The sponsor can also collect CVs of staff in addition to the investigator to determine if the staff has
previous training that is relevant to the study and therapeutic area. Clearly, a psychologist would not be
a considered for a study that involves an endovascular procedure. However, what about a psychologist
as a principal investigator of a psychological pharmacological study? Is that appropriate, is that safe?
The sponsor should first consider the nature of the study, focusing on the study procedure and risk to
the subject. If the procedure is standard of care routinely performed in clinical practice and the study
is asking for several additional data points to be captured, the specific training or background of the
physician may not weigh as heavily in the sponsor’s decision.
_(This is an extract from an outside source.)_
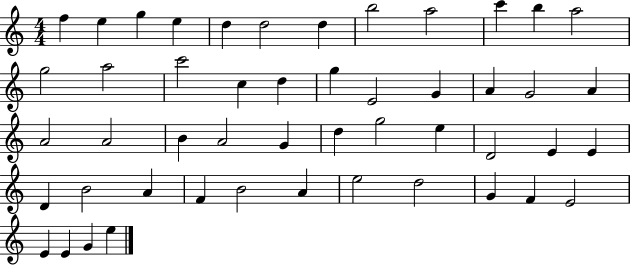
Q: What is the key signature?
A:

Another important consideration often overlooked by sponsors is the therapeutic area interest and
experience of the support study staff, for example: the research coordinators/research nurses. The
PIs may have been working with these nurses for 10 years with great success, but when it comes to
capturing detailed data points specific to the nature of the study, nurses may not have been exposed
to that area of medicine since nursing school. This doesn’t mean the sponsor does not select the site
or that the site is not outstanding. It just may require the sponsor to conduct more therapeutic area
specific training prior to initiating the study at a site.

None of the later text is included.